The goal is for the review method to result in higher recall and higher precision than another review method, at a cost proportionate to the ‘value’ of the case.

As Judge Peck suggests, when we’re talking document production the goal is to get better results, not perfect results. Given this, you want to achieve reasonably high percentages of recall and precision, but with cost and effort that is proportionate to the case. Thus, a goal of 80 percent recall — a common TAR target — could well be reasonable when reviewing for responsive documents, especially when current research suggests that the “gold standard” of complete eyes-on review by attorneys can’t do any better than that at many times the cost.[4]

Precision must also be reasonable, but requesting parties are usually more interested in making sure they get as many responsive documents as possible. So recall usually gets more attention here.[5]

Protection Tasks

By contrast, when your task is to protect certain types of confidential information (most commonly privilege, but it could be trade secrets, confidential supervisory information, or anything else where the bell can’t be unrung), you need to achieve 100 percent recall. Period. Nothing can fall through the cracks. This tends to be problematic in practice, as the goal is absolute perfection and the real world seldom obliges.

So to approximate this perfection in practice, we usually need to use every tool in our toolkit to identify the documents that need to be protected — not just TAR but also keyword searching and human review — and use them effectively against each other. The reason for this is simple: Different review methods make different kinds of mistakes. Human reviewers tend to make random mistakes. TAR systems tend to make very systematic errors, getting entire classifications of documents right or wrong.[6] By combining different techniques into our workflows, one serves as a check against the others.

The best way to maximize recall is to stack techniques.

The best way to maximize recall is to stack techniques.

This is an important point about TAR for data protection tasks, and one I want to reemphasize. The best way to maximize recall is to stack techniques, not to replace them. Because TAR doesn’t make the same class of errors as search terms and human review, it makes an excellent addition to privilege and other data protection workflows — provided the technology can deal with low prevalence and be efficiently deployed.[7] (More on that in a later post.)

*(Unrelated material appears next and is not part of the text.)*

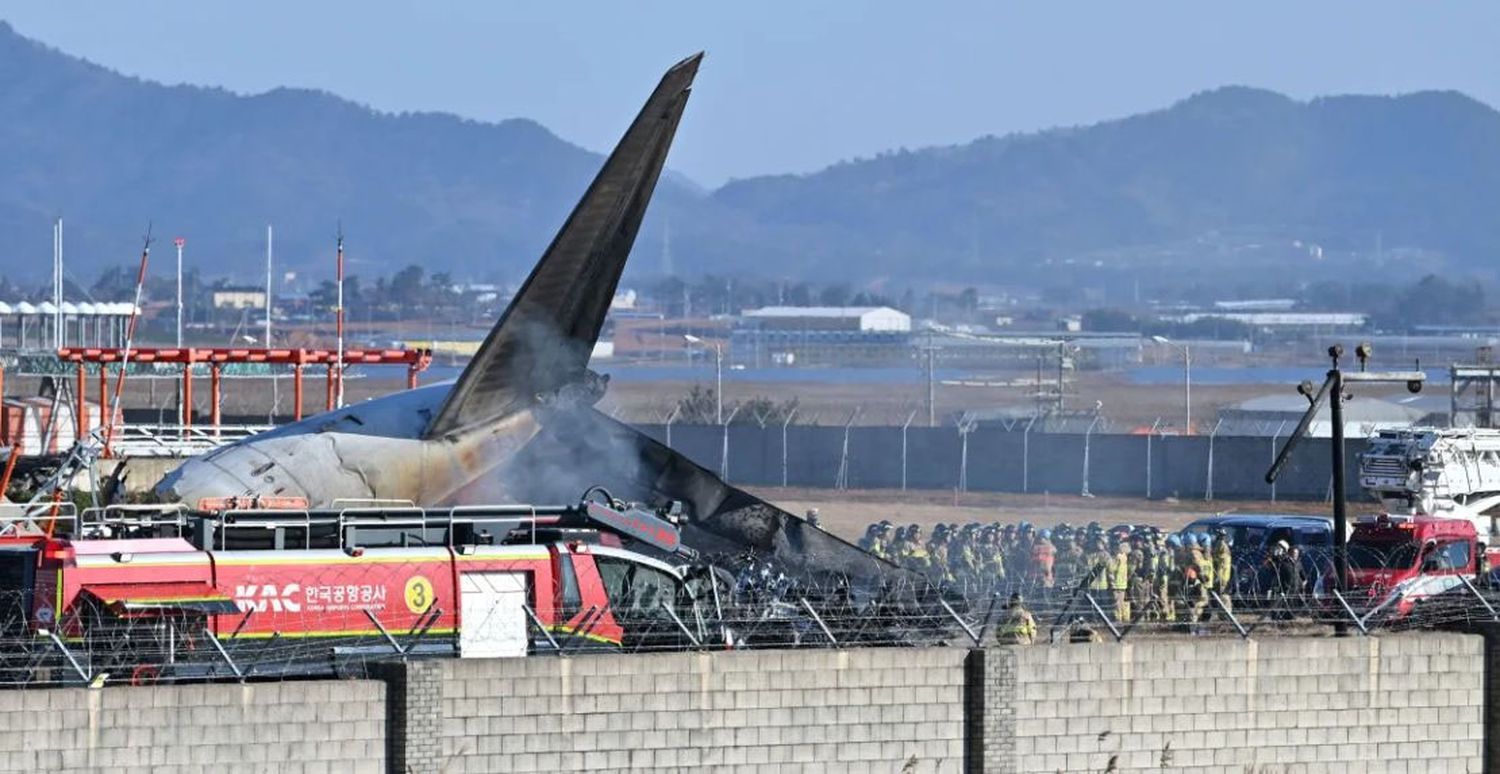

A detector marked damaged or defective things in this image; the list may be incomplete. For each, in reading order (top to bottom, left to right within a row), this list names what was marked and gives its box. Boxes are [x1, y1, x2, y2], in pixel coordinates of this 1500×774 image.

crashed airplane tail [423, 53, 702, 438]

Precision, on the other hand, is somewhat less important when your task is to protect documents. Precision doesn’t need to be perfect, but because these tasks typically use lots of attorney hours, they’re usually the most expensive part of review. Including unnecessary junk gets expensive quickly. So you still want to achieve a fairly high level of precision (particularly to avoid having to log documents unnecessarily if you are maintaining a privilege log), but recall is still the key metric here.

Knowledge Generation Tasks

The final task we described above is where we get the name “discovery” in the first place. What stories do these documents tell? What stories can my opponents tell with these documents? What facts and knowledge can we learn from them? This is the discovery task that is most Google-like.[8] For knowledge generation, we don’t really care about recall. We don’t want all the documents about a topic; we just want the best documents about a topic — the ones that will end up in front of deponents or used at trial.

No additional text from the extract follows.